Time flies. It has been a few years since I had last talked to Bruce Magnusson in person. That was back in 2009 where we both gave a talk at a sled dog symposium in Michigan.
Last year Bruce finished in 9th position at the Pedigree® Stage Stop Race. He has been 3 times in 3rd position over his career. And quite a career that is. He has run it 15 times consecutively and has tied JR Anderson who has also participated 15 times, although not consecutively. Bruce has 54 dogs, of which he is training 26 for the Stage Stop Race. In his spare time, which I am sure “is plenty”, he runs another team of 10 with 8 yearlings.
When I talked to Fernando Ramirez, he mentioned that Bruce had helped him with dogs. From the sounds of it 9 or 10 of Fernando’s team mates might have their origin from the Magnusson kennel: ” I am very happy that these dogs have gone to Fernando and Dana, as their are extremely caring people “.
Training is definitely geared towards running fast for Bruce. He is already finished with his longest runs, which were 32 miles, which he did twice. It is pretty interesting how different training conditions have been for different mushers. “Michigan has had the best conditions I have seen”, Bruce said. What he is talking about is 112 Inches of snow. That is a whopper and not surprising to hear the he has been on the sled since November 6th, the earliest in his career. Training is every other day. Sometimes he runs twice a day, followed by 2 days off. In total the team sits at about 580 miles and should near 750 miles before the start of the Pedigree® Stage Stop Race. That is considerably less than in the past, where they were closer to 900 to 1100 Miles. Run Distances have been shortened over the years, with the longest distances no longer being 50 or even 70 miles.
Asking about the age group of his dogs: 10 are 3, 1 is 4, 2 are 5 and 1 six year old. Leaders are Andy (3), George (4) and Primrose (5). The split between females and males is 50:50. “I prefer bigger males for Wyoming. But I run my best dogs no matter what and some of the females seem to mature faster”. The dogs source of energy comes from Caribou Creek dryfood and a meat mix he developed with none other than Veterinarian Mike Davis from Oklahoma State University. Mike has been studying sled dogs and nutrition for a long time. I had the pleasure of working with him on Iditarod a few times.
Asked about his goal: “I want to win the Stage Stop”. That is pretty clear cut. Bruce loves the stage format. It is like a big reunion every year. It takes a very special dog to run 8 days in a row ( with 1 rest day ) at top speeds of 17 miles an hour. ” I learned more in 1 Stage Stop Race than in 10 years.” Yes managing a dogteam and keeping them healthy over many days of racing takes a lot of knowledge.

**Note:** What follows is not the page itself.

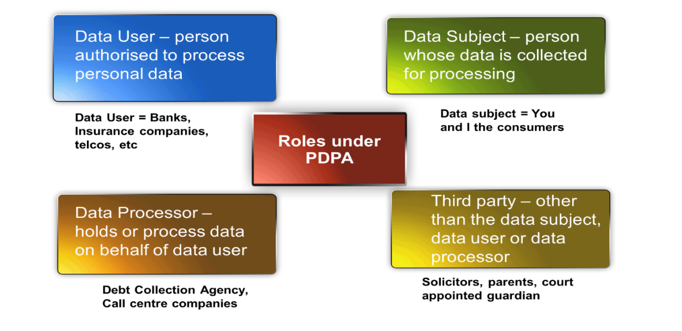 Roles under PDPA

Bruce joked: One year Doug Swingly told me: ” You get very good at carrying dogs, maybe you should not bring them”. ( I had a similar “pep talk ” by John Baker in Iditarod in the Rohn Checkpoint one year, which stuck with me through my racing career ). A the common theme I hear amongst mushers is how open and welcoming everybody at the Pedigree® Stage Stop Race is.
Bruce is soon to leave his Michigan home to go racing near Winnipeg Manitoba on the 17th,18th of January and then heading to West Yellowstone to continue his training. His racing season is far from over after the Pedigree® Stage Stop Race. As quite a few of the other Stage Stop Mushers he will head to The Pas 2 day Sprint Race. After likely to the Fur Rondy and ONAC in Alaska before finishing off the season with hopefully running the Copper Dog for the 1st time. Safe travels! Looking forward to seeing you in Jackson.
When I asked Bruce for pictures or video:” I run dogs, I do not take pictures”. Love it, true focus on the essential.